Just call me Grace. Everyone else does.
Having a tough day? Need a little laugh (at my expense) to make you feel better about yourself? Well, today’s your lucky day…
But first, a little background information. (Which really isn’t necessary if you know me.)
I’m not what you would call graceful. Clumsy doesn’t even begin to describe it. I’m accident-prone. A walking hazard to myself. My arms and legs are a collage of various bruises — an assortment of blue and purple splotches reminding me of my never-ending battle to simply function as a coordinated human being. I spill stuff on a regular basis. (My boss bought me a jumbo pack of straws to keep at my desk. Seriously. I use them every day.) I trip over invisible obstacles. (Derek said I can’t walk from one end of the porch to the other without falling.) It’s really bad and it’s become a running joke with everyone who spends any amount of time with me. Every time I display my tremendously low-level motor skills, Derek says, “There ya go, Grace.” He swears that he’s buying me a suit of bubble wrap and a helmet for my birthday.
Now that you know all of that, let’s get back to the story.
In the summer, my bedroom stays about 10 degrees warmer than the rest of the house. Since I can’t sleep when I’m even the slightest bit hot, I keep my ceiling fan and floor fan on high and usually wind up kicking the covers off at some point early in the night. In an attempt to help, Derek suggested that I sleep with my bedroom door open, so more cool air would circulate through the room (and maybe I wouldn’t complain so much). I tried explaining to him that I ALWAYS sleep with my door closed. (‘Cause, you know… I live alone and that extra two inches of wood is really going to keep a mass murderer/serial rapist out of my room, should one come to town and break into my house.) But despite my irrational fears of things that go bump in the night, I agreed to give it a shot.
So, I crawled into bed with the door open and proceeded to fall asleep. THEN, like I do every night, I woke up around 1:30 to go to the bathroom… here’s where the story gets good.

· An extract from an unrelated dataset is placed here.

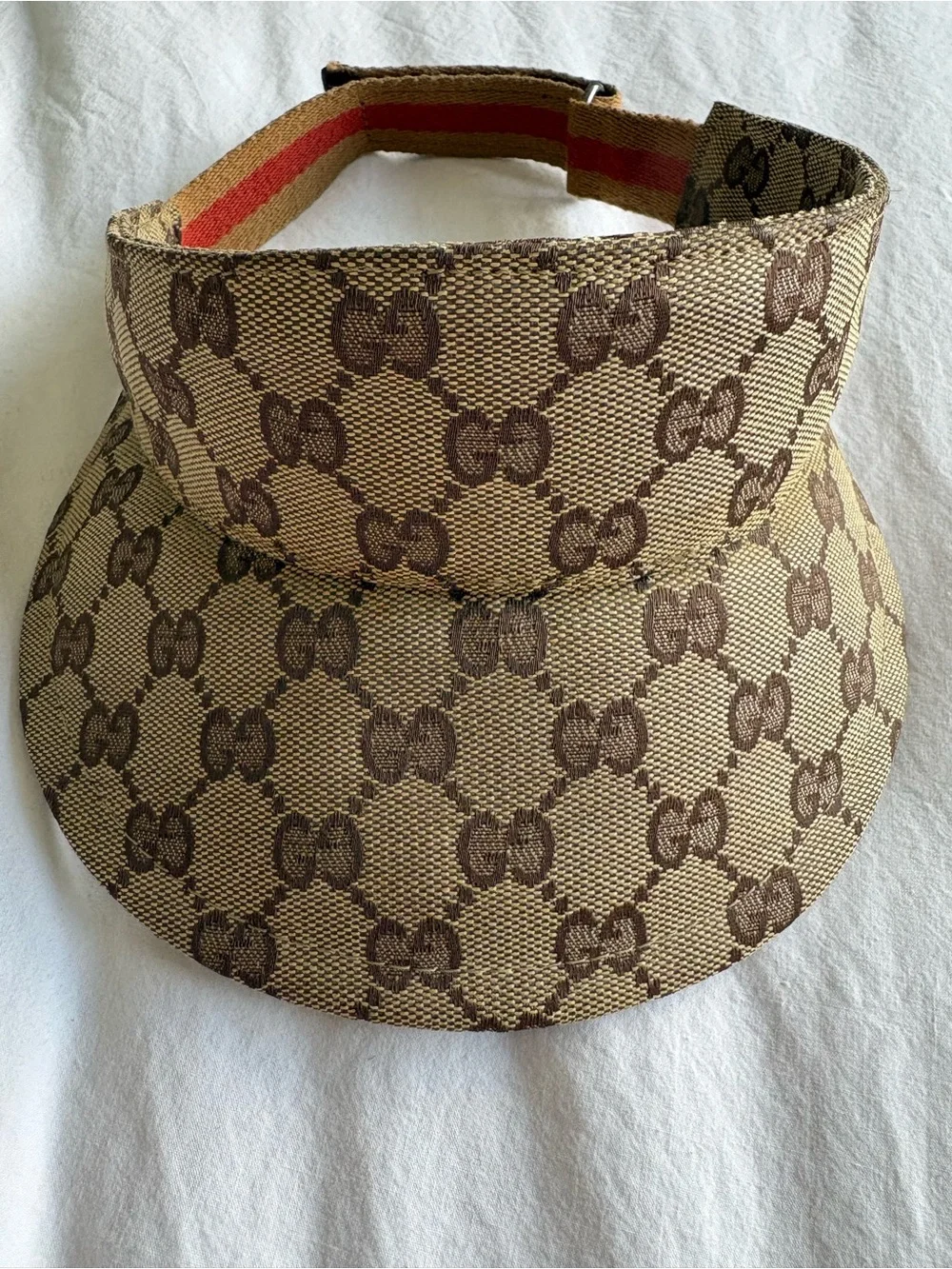 Vintage 99/00 Tom Ford Era Gucci GG Monogram Canvas Sun Visor Adjustable Size M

Okay, check out the diagram below:
See how very little room exists between the side of the bed and the bedroom door? Keep that in mind.

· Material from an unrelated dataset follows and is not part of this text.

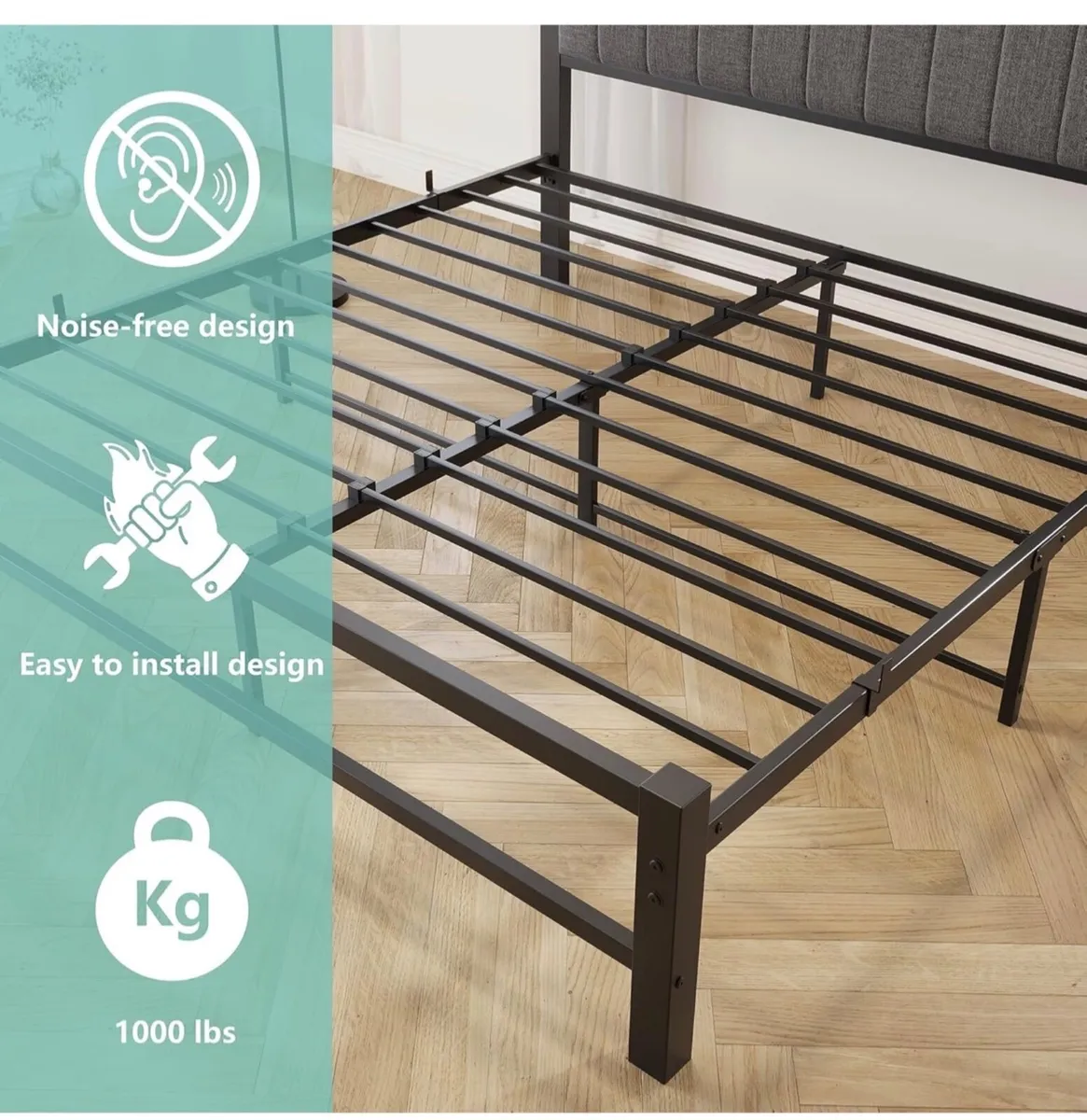 Double Bed Frame with Storage Headboard, 4ft6 Meta - Image 2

As I was saying, around 1:30 I stumbled out of bed and wandered across the room to the bathroom. I didn’t turn on any lights because, duh… I walk the same path every night, right? And as usual, I made it to the bathroom just fine. When I finished my business, I sleepily stumbled (with my head down and eyes closed) out of the bathroom, in the general direction of my bed. I was about halfway there, and already anticipating my soft pillow, when suddenly….BAM! Something hard hit me square on the brow bone. I saw little flecks of white light spinning in front of me. I guess those are the stars they show dancing around the heads of cartoon characters when they get smacked on the noggin. My first thought was, “Damn… someone broke in and they just knocked me out! I should’ve kept my door closed!” Then it hit me (quite literally). There wasn’t anyone out to get me. Well, no one but me. I ran into the edge of the open door.
Needless to say, I slammed the thing, mumbled a few choice words and swore to chew Derek out for suggesting it in the first place.
So far, no bruising. Although it is a little swollen and pretty darn tender.
Maybe one day I’ll learn to walk. Or I’ll buy a helmet.